Gulf cybersecurity spend to top Dh120 billion by 2030

The Gulf region is poised to witness a significant surge in cybersecurity investments, with spending projected to surpass Dh120 billion by 2030. This growth is driven by the rapid adoption of artificial intelligence (AI), sovereign cloud strategies, and hyperscale data infrastructure, according to a recent report by Grand View Research titled ‘Cyber Resilience in the Gulf: Where Technology Meets Sovereign Risk (2025 Edition).’ The UAE and Saudi Arabia are at the forefront of this transformation, with both nations accelerating their digital agendas under the ‘We the UAE 2031’ vision and Vision 2030 programs, respectively.
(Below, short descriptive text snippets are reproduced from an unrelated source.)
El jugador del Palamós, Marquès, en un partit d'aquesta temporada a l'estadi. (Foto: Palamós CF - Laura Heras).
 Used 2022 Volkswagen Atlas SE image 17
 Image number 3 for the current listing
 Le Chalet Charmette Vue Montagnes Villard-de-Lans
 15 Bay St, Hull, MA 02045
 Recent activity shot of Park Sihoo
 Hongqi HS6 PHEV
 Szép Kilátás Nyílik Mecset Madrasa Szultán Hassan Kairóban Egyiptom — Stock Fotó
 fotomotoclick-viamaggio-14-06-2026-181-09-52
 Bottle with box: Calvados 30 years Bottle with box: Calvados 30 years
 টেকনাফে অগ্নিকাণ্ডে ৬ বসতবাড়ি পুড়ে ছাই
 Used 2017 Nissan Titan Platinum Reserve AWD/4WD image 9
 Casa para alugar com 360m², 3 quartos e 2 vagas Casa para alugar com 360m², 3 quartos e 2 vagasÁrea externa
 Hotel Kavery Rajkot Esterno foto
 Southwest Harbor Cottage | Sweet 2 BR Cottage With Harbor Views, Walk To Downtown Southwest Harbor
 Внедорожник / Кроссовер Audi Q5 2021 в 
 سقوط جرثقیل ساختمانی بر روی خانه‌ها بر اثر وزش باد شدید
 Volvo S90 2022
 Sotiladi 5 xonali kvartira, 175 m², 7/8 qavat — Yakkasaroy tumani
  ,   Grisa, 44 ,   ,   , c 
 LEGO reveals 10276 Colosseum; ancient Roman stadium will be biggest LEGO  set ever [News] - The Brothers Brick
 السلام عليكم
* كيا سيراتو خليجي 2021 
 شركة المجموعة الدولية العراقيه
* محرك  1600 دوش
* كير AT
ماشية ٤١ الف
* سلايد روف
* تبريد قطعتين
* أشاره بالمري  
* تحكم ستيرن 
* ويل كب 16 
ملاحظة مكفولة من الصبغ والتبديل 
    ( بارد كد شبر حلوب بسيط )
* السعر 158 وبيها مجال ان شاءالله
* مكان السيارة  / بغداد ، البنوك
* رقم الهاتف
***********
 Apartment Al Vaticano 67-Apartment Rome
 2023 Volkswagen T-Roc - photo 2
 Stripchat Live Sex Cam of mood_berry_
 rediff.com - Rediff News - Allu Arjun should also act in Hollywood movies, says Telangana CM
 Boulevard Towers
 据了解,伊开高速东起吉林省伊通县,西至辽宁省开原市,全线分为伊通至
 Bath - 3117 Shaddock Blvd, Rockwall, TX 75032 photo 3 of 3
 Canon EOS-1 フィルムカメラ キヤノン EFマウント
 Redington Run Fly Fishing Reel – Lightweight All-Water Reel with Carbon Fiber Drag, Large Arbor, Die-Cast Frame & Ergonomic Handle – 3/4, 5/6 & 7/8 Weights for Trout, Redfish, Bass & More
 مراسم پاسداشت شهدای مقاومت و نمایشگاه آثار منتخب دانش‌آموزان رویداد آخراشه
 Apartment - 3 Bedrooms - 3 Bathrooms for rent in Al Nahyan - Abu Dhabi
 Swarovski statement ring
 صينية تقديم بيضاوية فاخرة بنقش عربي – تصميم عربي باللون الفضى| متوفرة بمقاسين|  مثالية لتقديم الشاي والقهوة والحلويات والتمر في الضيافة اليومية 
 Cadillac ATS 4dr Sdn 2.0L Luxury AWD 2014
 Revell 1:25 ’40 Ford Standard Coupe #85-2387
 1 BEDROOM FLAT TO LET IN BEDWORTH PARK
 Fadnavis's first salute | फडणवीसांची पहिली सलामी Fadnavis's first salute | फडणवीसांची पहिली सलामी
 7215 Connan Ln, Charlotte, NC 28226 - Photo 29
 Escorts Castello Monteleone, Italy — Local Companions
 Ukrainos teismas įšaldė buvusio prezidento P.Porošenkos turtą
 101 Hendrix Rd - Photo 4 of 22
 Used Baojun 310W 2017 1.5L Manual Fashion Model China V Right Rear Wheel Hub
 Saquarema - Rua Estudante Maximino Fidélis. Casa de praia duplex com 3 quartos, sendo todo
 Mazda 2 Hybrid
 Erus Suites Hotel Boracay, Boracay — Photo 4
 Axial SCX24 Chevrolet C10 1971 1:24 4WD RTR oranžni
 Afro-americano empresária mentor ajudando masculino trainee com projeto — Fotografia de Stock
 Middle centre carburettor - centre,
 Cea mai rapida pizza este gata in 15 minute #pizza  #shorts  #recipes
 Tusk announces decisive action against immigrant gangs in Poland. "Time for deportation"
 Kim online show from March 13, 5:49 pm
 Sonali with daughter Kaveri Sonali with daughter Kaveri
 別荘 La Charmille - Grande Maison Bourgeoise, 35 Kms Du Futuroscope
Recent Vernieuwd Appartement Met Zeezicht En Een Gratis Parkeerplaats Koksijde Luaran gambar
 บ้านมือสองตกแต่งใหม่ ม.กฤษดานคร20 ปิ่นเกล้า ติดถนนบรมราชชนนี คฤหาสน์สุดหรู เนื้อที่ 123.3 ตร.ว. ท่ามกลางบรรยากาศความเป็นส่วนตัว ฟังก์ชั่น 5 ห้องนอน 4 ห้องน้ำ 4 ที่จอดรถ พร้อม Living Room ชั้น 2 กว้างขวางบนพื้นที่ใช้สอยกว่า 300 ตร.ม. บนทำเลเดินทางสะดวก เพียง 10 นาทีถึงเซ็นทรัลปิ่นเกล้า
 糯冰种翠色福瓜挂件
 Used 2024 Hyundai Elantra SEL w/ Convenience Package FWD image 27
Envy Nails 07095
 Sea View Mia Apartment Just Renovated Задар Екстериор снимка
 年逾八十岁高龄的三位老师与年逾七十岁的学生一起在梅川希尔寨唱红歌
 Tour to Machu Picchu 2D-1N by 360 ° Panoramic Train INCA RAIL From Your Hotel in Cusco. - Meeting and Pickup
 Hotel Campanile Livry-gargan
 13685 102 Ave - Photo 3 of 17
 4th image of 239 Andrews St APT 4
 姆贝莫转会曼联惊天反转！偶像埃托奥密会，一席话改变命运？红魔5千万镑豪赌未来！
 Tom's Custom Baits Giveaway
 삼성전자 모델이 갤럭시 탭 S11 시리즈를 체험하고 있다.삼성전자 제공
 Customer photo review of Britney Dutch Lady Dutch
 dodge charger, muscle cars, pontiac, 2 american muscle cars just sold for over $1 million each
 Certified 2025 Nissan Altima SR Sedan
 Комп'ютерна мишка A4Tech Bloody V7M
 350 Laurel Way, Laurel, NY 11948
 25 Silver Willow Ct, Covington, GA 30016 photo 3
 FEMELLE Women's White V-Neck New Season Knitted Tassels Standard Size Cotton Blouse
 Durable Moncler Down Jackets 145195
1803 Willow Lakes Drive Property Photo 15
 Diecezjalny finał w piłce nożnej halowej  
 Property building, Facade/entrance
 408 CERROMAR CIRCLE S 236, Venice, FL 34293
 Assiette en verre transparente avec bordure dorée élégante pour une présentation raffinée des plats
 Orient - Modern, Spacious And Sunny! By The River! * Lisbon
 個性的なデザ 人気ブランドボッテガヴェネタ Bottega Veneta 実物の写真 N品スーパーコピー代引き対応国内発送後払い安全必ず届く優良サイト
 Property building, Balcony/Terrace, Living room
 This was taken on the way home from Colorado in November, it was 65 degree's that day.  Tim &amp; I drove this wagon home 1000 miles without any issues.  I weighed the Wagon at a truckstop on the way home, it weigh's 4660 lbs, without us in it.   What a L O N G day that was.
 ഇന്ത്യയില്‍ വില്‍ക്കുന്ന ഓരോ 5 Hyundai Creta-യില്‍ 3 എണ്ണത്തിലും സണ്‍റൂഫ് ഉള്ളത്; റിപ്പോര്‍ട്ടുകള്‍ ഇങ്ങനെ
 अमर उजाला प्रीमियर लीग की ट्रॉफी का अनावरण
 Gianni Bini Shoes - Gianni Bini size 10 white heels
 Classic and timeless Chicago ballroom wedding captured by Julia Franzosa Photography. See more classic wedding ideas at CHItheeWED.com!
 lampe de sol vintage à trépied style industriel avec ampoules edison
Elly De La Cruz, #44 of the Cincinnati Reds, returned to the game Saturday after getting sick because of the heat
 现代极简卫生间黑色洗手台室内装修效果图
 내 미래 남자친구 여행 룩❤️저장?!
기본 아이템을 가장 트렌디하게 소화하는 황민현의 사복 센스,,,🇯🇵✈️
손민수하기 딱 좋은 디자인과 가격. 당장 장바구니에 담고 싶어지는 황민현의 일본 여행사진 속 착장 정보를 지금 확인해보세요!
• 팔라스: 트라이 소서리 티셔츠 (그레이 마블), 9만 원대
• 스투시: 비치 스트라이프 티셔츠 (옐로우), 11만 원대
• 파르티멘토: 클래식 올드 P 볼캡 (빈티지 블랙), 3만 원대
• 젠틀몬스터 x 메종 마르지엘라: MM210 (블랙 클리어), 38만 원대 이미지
The report highlights that the region’s ambitious infrastructure projects, including national data centers, AI clusters, and cloud corridors, are fueling unprecedented investments in cyber resilience and data sovereignty. The UAE’s AI-driven security market alone is expected to grow more than fourfold, exceeding Dh19.6 billion by 2030. Swayam Dash, Managing Director of Grand View Research, emphasized that cyber resilience has evolved from a technical discipline to a sovereign capability, crucial for sustaining growth, attracting capital, and maintaining public trust. The UAE and Saudi Arabia, which together account for over 60% of the region’s cybersecurity expenditure, are embedding digital protection into national policies. The UAE is focusing on AI-driven threat intelligence, zero-trust frameworks, and sovereign cloud ecosystems, while Saudi Arabia’s National Cybersecurity Authority (NCA) and SDAIA are prioritizing data protection across industrial and infrastructure projects. The report also notes a shift in the region’s cybersecurity approach, from network defense to institutionalized resilience through policy, collaboration, and redundancy. Key initiatives include the ADGM Cyber Risk Management Framework (2025), Saudi Central Bank’s cyber stress-testing regime, and cross-border CERT intelligence sharing. As the line between cyber disruption and economic disruption narrows, digital resilience is increasingly viewed as a form of sovereign credit, with Gulf banks incorporating cyber metrics into ESG disclosures and regulators considering system uptime a proxy for fiscal stability. Dash concluded that the Gulf’s next global advantage will stem not from faster networks but from networks that never fail.